Each Company Equityholder hereby agrees that it shall not commit or agree to take any action inconsistent with the foregoing.
Section 1.5 No Challenges. Each Company Equityholder agrees not to commence, join in, facilitate, assist or encourage, and agrees to take all actions necessary to opt out of any class in any class action with respect to, any claim, derivative or otherwise, against Acquiror, Merger Sub, the Company or any of their respective successors or directors (a) challenging the validity of, or seeking to enjoin the operation of, any provision of this Agreement or the Merger Agreement or (b) alleging a breach of any fiduciary duty of any person in connection with the evaluation, negotiation or entry into this Agreement, the Merger Agreement or the Transactions.
Section 1.6 Appraisal Rights. Each Company Equityholder hereby waives and agrees not to exercise any rights of appraisal or rights to dissent from the transactions contemplated by the Merger Agreement that he, she or it may have with respect to the Subject Shares under applicable Law.
Section 1.7 Affiliate Agreements. Each Company Equityholder hereby agrees and consents to the termination of all Affiliate Agreements set forth on Section 6.5 of the Company Disclosure Letter to which such Company Equityholder is party, effective as of the Effective Time without any further liability or obligation to the Company, the Company’s Subsidiaries or Acquiror.
Section 1.8 Registration Rights Agreement. Each of the Company Equityholders will deliver, substantially simultaneously with the Effective Time, a duly-executed copy of the Amended and Restated Registration Rights Agreement substantially in the form attached as Exhibit F to the Merger Agreement.

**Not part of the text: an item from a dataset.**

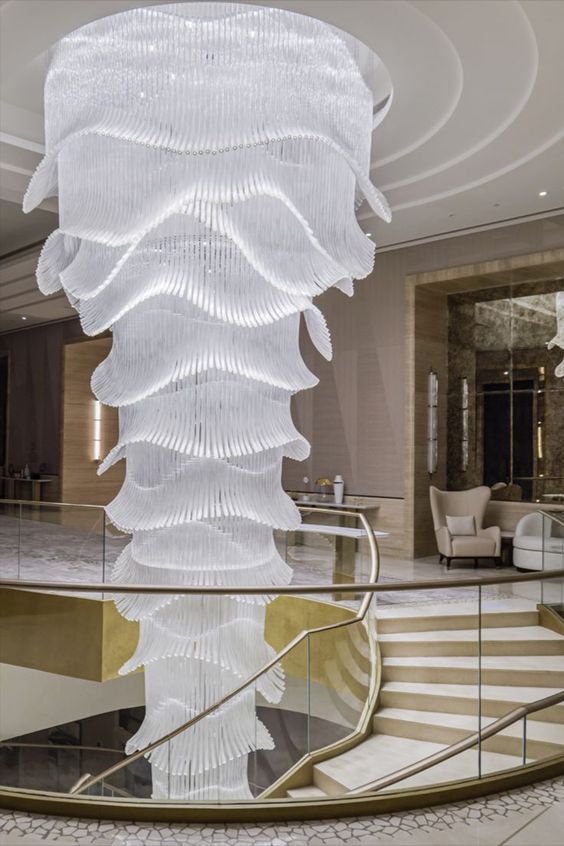 Luxe kroonluchter met palmboomglasstaven voor hotels, restaurants, villa's en trappenhuizen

Section 1.9 Lock-Up Agreement. Each of the Company Equityholders will deliver, substantially simultaneously with the Effective Time, a duly-executed Lock-Up Agreement substantially in the form attached as Exhibit G-1 or G-2 to the Merger Agreement, as applicable.
Section 1.10 Further Assurances. Each Company Equityholder shall execute and deliver, or cause to be delivered, such additional documents, and take, or cause to be taken, all such further actions and do, or cause to be done, all things reasonably necessary (including under applicable Laws), or reasonably requested by Acquiror or the Company, to effect the actions and consummate the Mergers and the other transactions contemplated by this Agreement and the Merger Agreement (including the Transactions), in each case, on the terms and subject to the conditions set forth therein and herein, as applicable.
Section 1.11 No Inconsistent Agreement. Each Company Equityholder hereby represents and covenants that such Company Equityholder has not entered into, and shall not enter into, any agreement that would restrict, limit or interfere with the performance of such Company Equityholder’s obligations hereunder.